▸ EXERCISE
Go through the records and report each line holding the string "Women".

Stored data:
──────────────────────────────

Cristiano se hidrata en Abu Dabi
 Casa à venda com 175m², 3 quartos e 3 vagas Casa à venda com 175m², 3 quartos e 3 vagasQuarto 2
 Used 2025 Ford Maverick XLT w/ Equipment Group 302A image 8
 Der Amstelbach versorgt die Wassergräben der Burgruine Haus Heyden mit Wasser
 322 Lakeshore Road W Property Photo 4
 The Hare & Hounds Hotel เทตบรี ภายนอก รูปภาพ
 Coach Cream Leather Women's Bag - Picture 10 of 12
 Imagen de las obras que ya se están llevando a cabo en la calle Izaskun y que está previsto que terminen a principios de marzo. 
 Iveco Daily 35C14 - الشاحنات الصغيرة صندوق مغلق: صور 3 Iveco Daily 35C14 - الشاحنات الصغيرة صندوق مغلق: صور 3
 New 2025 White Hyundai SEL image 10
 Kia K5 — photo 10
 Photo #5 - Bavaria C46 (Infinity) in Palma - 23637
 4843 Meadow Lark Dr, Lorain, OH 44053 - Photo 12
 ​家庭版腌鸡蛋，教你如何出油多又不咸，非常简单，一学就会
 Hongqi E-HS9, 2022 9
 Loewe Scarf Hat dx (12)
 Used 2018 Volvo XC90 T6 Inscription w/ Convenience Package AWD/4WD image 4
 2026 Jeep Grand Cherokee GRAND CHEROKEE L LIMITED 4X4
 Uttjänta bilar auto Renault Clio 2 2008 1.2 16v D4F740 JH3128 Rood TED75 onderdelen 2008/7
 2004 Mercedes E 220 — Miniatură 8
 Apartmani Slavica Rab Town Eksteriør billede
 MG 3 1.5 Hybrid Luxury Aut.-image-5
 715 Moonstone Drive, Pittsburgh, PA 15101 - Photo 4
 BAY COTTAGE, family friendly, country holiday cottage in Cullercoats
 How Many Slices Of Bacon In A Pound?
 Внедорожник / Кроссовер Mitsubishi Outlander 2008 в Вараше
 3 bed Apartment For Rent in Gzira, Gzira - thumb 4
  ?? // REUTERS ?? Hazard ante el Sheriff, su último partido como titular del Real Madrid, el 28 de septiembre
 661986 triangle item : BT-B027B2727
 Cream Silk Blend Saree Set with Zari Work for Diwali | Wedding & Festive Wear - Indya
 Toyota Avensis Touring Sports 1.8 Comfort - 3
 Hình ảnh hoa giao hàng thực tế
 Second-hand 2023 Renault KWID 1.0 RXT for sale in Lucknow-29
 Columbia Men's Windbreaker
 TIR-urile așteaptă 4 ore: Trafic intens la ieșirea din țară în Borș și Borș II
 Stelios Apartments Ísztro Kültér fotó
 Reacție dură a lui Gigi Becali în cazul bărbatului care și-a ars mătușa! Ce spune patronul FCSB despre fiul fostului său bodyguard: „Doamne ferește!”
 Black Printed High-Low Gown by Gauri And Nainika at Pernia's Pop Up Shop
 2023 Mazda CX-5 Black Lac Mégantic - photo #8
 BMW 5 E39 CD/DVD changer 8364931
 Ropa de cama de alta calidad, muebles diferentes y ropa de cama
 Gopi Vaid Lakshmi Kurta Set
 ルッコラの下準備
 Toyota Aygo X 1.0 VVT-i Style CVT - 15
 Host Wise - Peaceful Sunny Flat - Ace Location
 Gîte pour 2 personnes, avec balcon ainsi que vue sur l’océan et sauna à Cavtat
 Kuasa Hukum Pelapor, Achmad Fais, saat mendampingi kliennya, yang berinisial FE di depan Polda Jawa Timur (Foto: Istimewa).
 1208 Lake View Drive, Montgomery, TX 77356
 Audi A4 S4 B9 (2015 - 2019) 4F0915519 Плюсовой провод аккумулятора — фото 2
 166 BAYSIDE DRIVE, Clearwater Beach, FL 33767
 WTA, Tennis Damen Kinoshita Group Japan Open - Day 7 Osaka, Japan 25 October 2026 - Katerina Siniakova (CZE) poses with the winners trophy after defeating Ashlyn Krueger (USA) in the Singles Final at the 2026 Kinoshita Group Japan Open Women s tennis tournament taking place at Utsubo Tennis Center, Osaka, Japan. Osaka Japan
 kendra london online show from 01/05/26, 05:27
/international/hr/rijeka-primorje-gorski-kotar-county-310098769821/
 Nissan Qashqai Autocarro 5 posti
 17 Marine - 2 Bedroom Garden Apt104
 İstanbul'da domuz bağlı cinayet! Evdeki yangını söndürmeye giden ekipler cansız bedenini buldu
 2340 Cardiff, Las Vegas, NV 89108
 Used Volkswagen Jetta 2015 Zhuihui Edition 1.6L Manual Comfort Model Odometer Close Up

──────────────────────────────

▸ ANSWER BELOW
 Coach Cream Leather Women's Bag - Picture 10 of 12
 WTA, Tennis Damen Kinoshita Group Japan Open - Day 7 Osaka, Japan 25 October 2026 - Katerina Siniakova (CZE) poses with the winners trophy after defeating Ashlyn Krueger (USA) in the Singles Final at the 2026 Kinoshita Group Japan Open Women s tennis tournament taking place at Utsubo Tennis Center, Osaka, Japan. Osaka Japan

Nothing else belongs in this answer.